To keep your perspective, set up a guide made up of the campaign’s core principles. You need to understand these issues will be important to you as a candidate or a team behind a candidate, and important to volunteers and donors. If you start making your issues muddy, then you are not listening to someone’s concerns, you are simply trying to clumsily integrate values that for many reasons you have rejected. This is like staying in the forest waiting for the tiger.

The Washington Post editorial includes this paragraph:

So stop calling people liars. The media should return to the non-accusatory style that worked for decades. Instead of writing that election fraud is a lie, or Republicans are “falsely claiming” fraud, go back to the style that worked for decades: “Republicans again claimed the 2020 election was rigged, but no evidence has emerged to support that allegation and courts have dismissed all suits challenging the results.”

This is ridiculous. A lie is clearly a lie. There is no way to soft-peddle a lie. A campaign, even more so than a newspaper, has an obligation to point out lies.

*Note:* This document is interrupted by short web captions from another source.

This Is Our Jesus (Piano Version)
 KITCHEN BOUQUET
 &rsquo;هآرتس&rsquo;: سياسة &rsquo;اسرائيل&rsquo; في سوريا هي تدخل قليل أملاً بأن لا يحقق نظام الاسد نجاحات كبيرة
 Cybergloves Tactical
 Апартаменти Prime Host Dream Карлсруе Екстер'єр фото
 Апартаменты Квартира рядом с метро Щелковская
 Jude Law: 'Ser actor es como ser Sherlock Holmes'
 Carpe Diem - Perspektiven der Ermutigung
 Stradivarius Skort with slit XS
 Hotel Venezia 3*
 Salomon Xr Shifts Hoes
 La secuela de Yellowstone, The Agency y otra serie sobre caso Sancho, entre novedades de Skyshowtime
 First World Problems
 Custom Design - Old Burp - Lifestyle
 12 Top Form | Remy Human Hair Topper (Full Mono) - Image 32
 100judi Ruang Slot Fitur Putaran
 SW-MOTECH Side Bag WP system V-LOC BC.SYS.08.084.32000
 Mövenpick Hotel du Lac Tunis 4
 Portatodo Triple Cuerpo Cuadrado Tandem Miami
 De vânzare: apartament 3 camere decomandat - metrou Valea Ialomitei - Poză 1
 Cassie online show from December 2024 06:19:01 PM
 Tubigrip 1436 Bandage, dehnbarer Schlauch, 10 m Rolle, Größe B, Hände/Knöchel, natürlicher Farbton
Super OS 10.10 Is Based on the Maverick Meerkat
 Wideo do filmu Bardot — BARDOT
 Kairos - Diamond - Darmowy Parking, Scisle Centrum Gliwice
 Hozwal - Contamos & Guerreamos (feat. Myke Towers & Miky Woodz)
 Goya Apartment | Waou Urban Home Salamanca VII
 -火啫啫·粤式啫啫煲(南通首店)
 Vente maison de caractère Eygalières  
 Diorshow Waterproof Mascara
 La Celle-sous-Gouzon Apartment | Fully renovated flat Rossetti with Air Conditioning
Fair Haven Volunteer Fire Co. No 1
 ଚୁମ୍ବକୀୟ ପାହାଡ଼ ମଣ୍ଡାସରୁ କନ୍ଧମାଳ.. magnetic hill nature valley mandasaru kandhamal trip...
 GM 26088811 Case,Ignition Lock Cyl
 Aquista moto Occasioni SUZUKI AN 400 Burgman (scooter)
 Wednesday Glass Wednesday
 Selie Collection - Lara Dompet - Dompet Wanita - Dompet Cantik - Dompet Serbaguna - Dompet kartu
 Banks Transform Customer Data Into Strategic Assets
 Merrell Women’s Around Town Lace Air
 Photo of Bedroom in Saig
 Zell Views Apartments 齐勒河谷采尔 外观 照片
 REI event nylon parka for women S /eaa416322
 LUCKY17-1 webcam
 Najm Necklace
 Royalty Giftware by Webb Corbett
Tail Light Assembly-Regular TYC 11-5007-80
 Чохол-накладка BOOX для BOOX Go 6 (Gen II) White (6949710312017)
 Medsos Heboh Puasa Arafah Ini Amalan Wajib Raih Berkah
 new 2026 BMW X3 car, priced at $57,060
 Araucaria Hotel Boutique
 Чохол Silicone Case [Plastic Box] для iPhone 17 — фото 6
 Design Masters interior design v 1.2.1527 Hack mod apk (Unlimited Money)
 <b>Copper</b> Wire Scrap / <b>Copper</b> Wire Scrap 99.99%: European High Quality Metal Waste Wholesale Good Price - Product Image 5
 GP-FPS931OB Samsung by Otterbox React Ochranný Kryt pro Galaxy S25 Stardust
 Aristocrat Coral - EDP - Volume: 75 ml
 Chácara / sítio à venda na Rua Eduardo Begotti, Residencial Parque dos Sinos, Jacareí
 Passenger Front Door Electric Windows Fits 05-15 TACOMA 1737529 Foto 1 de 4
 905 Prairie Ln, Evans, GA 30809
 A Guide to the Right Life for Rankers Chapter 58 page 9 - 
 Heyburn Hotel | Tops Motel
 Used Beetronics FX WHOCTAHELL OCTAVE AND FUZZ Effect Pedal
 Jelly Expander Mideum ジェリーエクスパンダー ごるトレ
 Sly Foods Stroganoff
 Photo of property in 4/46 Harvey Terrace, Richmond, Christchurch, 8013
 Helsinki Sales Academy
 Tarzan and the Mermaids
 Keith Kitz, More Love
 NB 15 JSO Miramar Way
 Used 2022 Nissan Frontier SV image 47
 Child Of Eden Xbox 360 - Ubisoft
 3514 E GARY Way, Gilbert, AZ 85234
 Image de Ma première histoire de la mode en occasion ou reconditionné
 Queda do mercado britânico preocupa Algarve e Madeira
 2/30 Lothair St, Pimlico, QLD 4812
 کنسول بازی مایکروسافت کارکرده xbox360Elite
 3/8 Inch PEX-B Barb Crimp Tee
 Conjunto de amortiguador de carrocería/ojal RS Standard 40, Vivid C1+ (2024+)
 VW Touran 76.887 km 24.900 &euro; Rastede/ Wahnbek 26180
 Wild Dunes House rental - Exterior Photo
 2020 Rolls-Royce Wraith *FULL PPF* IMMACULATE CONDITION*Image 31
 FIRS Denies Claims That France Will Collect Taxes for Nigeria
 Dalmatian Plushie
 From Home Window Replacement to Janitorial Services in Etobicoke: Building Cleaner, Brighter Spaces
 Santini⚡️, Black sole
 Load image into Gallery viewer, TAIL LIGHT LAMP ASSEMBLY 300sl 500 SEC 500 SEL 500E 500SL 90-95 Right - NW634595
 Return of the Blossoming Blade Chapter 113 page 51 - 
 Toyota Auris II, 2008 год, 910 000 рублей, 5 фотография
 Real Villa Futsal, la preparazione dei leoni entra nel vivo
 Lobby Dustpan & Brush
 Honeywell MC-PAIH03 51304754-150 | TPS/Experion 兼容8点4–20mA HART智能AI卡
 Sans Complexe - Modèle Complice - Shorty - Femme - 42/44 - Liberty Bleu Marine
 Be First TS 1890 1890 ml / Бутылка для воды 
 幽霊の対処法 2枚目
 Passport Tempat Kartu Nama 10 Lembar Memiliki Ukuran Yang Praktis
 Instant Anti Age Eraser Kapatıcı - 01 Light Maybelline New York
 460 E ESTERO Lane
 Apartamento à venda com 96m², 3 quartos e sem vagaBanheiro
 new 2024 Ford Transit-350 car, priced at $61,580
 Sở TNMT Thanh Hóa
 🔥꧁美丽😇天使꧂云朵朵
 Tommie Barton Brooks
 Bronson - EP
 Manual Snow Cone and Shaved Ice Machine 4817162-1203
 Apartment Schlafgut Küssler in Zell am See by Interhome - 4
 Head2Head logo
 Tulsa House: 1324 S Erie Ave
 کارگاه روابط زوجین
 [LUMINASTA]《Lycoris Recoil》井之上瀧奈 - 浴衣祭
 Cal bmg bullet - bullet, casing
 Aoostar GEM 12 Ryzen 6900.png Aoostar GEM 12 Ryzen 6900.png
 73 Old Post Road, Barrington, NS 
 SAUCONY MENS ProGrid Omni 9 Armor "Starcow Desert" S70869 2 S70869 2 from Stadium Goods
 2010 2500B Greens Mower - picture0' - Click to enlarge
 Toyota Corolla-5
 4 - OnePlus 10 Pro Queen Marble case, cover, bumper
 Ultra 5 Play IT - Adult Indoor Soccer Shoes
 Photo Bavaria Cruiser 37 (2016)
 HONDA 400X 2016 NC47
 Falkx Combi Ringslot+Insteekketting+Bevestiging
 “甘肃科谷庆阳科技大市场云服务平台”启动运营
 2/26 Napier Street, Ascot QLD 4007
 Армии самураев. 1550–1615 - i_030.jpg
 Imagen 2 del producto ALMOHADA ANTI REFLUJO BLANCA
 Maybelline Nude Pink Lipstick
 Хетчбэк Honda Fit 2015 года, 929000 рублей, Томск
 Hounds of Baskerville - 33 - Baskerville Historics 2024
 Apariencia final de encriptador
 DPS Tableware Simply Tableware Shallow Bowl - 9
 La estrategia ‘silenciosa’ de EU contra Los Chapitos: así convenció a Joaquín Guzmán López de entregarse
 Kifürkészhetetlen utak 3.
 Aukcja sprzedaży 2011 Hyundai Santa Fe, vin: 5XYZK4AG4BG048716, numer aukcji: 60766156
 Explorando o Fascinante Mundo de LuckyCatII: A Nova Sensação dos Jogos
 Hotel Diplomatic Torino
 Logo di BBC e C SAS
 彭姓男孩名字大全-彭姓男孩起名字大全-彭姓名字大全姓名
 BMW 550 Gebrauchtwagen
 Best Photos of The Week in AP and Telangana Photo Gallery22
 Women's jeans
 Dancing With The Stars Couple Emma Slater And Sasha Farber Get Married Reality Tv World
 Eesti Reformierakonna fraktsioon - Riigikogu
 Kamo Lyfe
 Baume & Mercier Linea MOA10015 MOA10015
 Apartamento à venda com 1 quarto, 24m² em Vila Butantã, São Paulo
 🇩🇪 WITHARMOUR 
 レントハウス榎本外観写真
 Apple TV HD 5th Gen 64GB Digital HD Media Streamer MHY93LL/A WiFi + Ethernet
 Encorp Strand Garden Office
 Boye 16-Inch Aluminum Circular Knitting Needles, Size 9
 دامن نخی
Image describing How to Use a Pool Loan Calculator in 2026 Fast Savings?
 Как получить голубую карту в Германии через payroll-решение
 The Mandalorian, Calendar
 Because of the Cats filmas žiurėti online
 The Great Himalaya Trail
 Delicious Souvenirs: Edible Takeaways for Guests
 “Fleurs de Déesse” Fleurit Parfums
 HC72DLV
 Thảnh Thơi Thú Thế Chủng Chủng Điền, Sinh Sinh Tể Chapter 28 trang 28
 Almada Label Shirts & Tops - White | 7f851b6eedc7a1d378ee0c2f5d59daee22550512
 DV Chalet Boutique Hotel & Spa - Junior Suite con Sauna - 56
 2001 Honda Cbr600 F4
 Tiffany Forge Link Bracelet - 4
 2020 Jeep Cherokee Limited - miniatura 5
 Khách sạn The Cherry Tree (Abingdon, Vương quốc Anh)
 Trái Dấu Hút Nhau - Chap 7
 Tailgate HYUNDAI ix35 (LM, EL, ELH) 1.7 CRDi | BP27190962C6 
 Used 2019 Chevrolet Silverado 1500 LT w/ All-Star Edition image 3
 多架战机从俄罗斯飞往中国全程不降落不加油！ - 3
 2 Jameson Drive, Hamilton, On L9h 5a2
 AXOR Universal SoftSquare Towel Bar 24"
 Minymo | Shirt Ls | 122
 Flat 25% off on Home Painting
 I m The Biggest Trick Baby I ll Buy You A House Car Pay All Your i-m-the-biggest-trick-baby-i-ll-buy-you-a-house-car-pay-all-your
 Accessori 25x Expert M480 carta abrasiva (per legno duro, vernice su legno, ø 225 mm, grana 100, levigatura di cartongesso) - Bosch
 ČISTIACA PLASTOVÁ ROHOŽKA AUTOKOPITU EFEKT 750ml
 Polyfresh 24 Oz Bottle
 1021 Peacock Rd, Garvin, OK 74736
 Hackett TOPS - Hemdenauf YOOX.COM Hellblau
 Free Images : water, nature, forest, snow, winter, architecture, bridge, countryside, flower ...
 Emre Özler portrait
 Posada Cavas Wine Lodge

Republican campaigns and their supporters have often engaged in misinformation and campaigns full of outright deceit. I’ve seen firsthand when information was put out that everyone knew was false—but it didn’t stop someone from saying it or floating the claim out to the public.

You are a Democratic campaign that has Democratic values. You cannot afford to lose Democratic voters. You need to pick up independent voters. For every Republican you try to win by trying tactics that sacrifice those values, you risk losing the support and energy you need from everyone behind your campaign.

This is not a call for purity. There are many good legislators all over the country who struggle with elements of the Democratic platform. I can oppose them on that issue, but I know they are a vote for a majority on every level, from a school board to the United States Senate. It gives all of us a chance to change their mind, and an opportunity to do better for everyone.

There is a cost to being self-aware. That cost is that understanding who you are is all it takes to cause a large group to furiously oppose you without knowing a thing about you. Reaching out to them is like sitting talking to your friend who doesn’t believe the tiger is real and is waiting to get eaten.

Don’t do that. It’s bad for your campaign.